--- Exercise material Enclosed Below ---

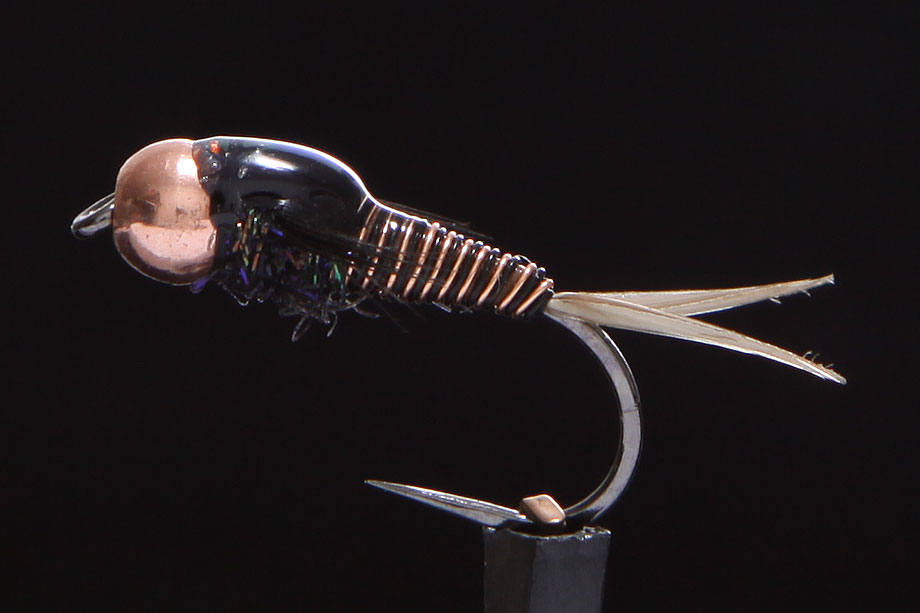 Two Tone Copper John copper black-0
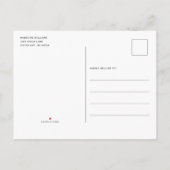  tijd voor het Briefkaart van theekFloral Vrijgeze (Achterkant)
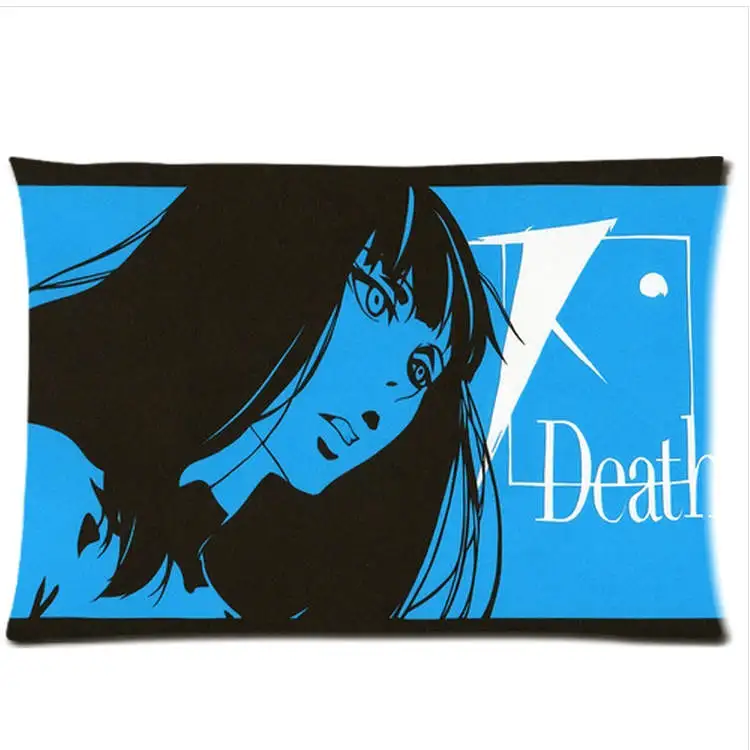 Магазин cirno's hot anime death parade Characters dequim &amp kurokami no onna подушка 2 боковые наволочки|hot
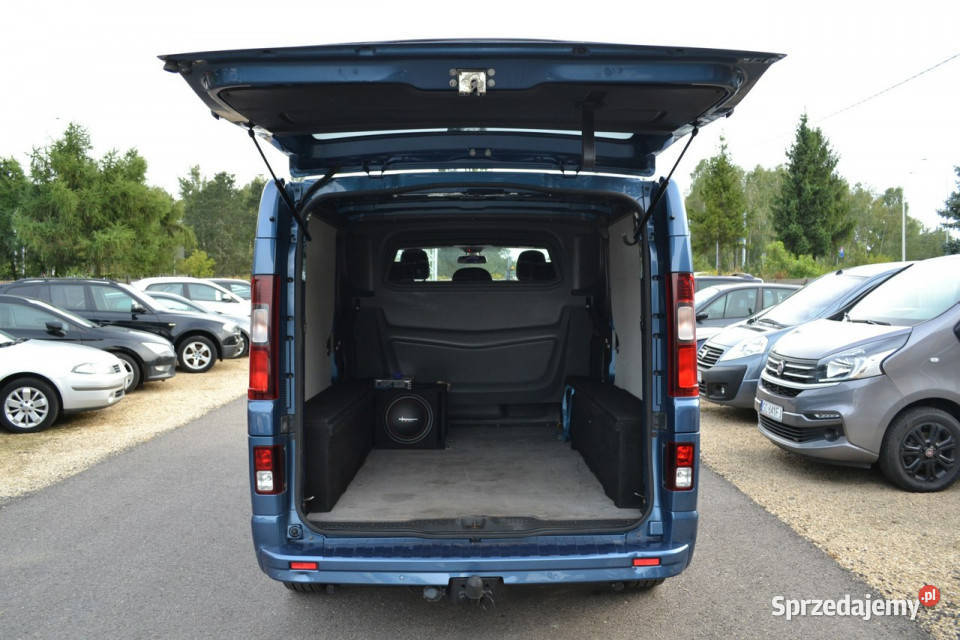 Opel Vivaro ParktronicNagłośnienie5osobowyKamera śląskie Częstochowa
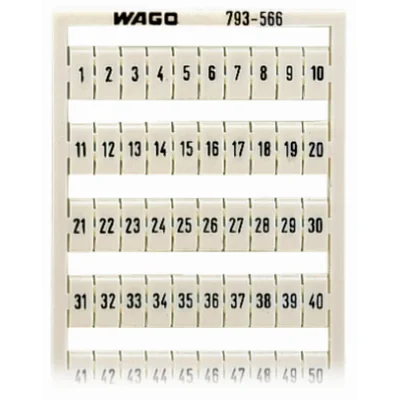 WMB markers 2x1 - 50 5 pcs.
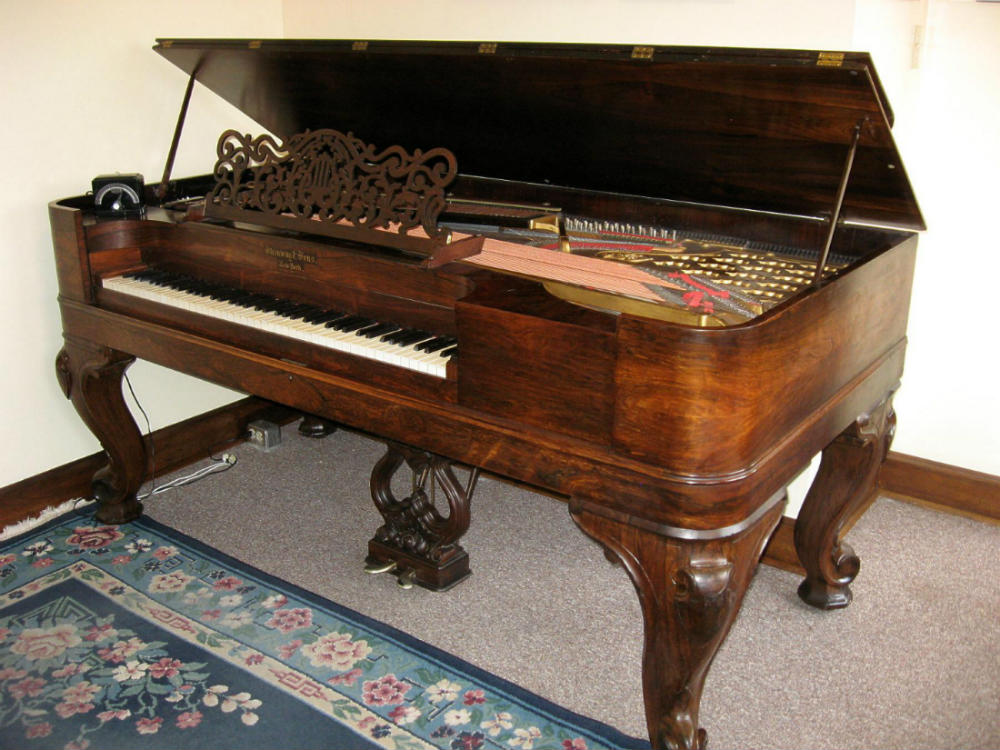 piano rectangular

--- End of Enclosed Exercise material ---

[What is required] Copy exactly, and only, the lines from the line containing "Opel Vivaro ParktronicNagłośnienie5osobowyKamera" through the final line of the material above, with no pictures.

[Expected output]
 Opel Vivaro ParktronicNagłośnienie5osobowyKamera śląskie Częstochowa
 WMB markers 2x1 - 50 5 pcs.
 piano rectangular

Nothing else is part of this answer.